The current makeup of Democratic voters nationwide is not progressive enough to elect a Bernie Sanders, but the main point of the article I cited about this was that it's been changing over the past eight years. 39% of Democratic voters are calling themselves "conservative" or "moderate" this year, but in 2008, that figure was 54%! And the Democratic voters calling themselves "very liberal" jumped from 17% to 25%.

Even within the span of this year's campaign, the electorate has been changing. Bernie's polling numbers are much better today than they were last year, and the cause for this is the real Revolution that had already been occurring, not just in the last eight years, but throughout the nation's history: the simple education of the electorate.

The real fight

As the people become more enlightened, they elect more progressive representatives. Then those representatives, by their mere existence and their words and the laws they pass, educate the people about what's possible and what works. So the next time around, they might elect even more progressive representatives, and so forth and so on. This cycle doesn't move quickly — there are various mechanisms (like superdelegates, or staggered Senate terms, or lifetime Supreme Court appointments) that slow it down — but this isn't necessarily a bad thing, because the cycle can go in the other direction as well. And this is where the real fight lies.

As we educate our fellow voters and accumulate incremental electoral victories, we make progress. This is how it's worked throughout our nation's history. The only reason Bernie could even think about running this year was that the Democratic electorate got more liberal in the past eight years. Then he in turn helped to move it even more to the left, by his mere existence and his changing of the conversation. And because he chose to run in the Democratic primary rather than as an independent, he made it possible for us to secure wins this year in both the educational and electoral arenas. We can not only teach the nation more about democratic socialism, but elect a president slightly more liberal than the last one — even if no progressives believe she's liberal enough — and light years more liberal than any possible GOP candidate.

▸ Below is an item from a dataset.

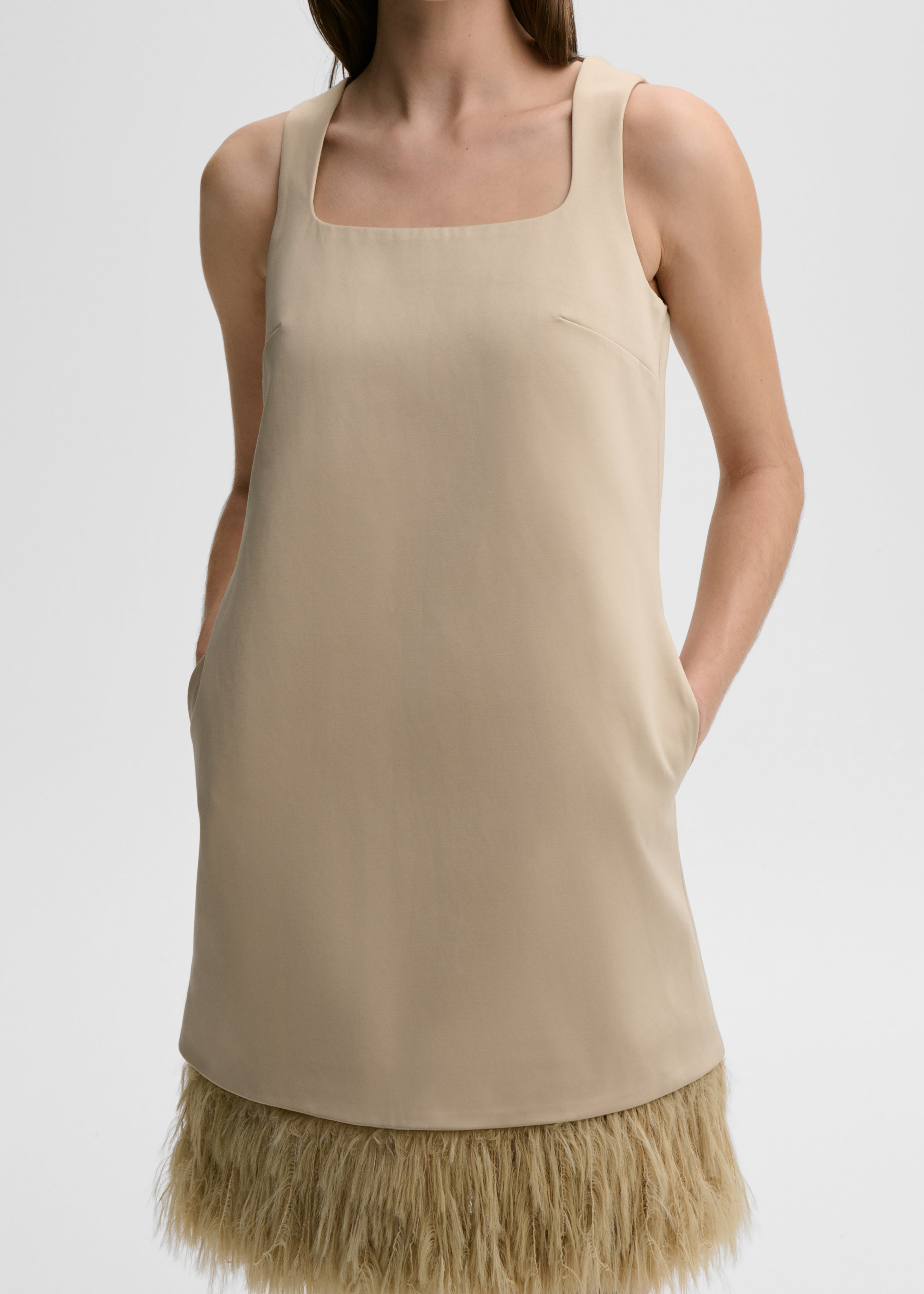 By Malene Birger Elva Mini Dress - Old Beige - 4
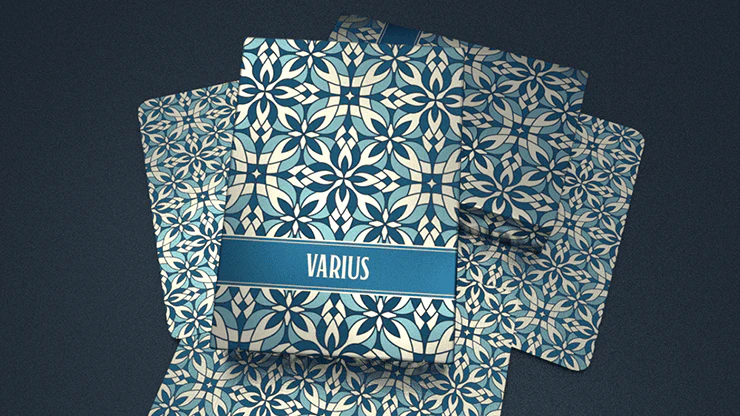 Varius Teal Playing Cards Cartamundi - Image 7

This is why, by the way, I thought that Sanders' going negative on Clinton was a horribly risky move. I can understand a possible motivation for it: we could get not just the educational win, but an even better electoral win. However, it also risked both. The time he spent attacking Clinton was time he could have spent further explaining his views, and it also made him look more like a typical politician. Meanwhile, he probably reduced Clinton's chances of winning in November, and if the GOP captures the presidency, the cycle of education and election could start going in the other direction.

Fortunately, I think we're still likely to get both wins this year. And some day, probably sooner than later thanks to the efforts of Sanders and his supporters this year, the Democratic Party will elect a true progressive as its presidential nominee. But both that future victory and this year's probable defeat will be due to the same thing: American democracy working like it always has.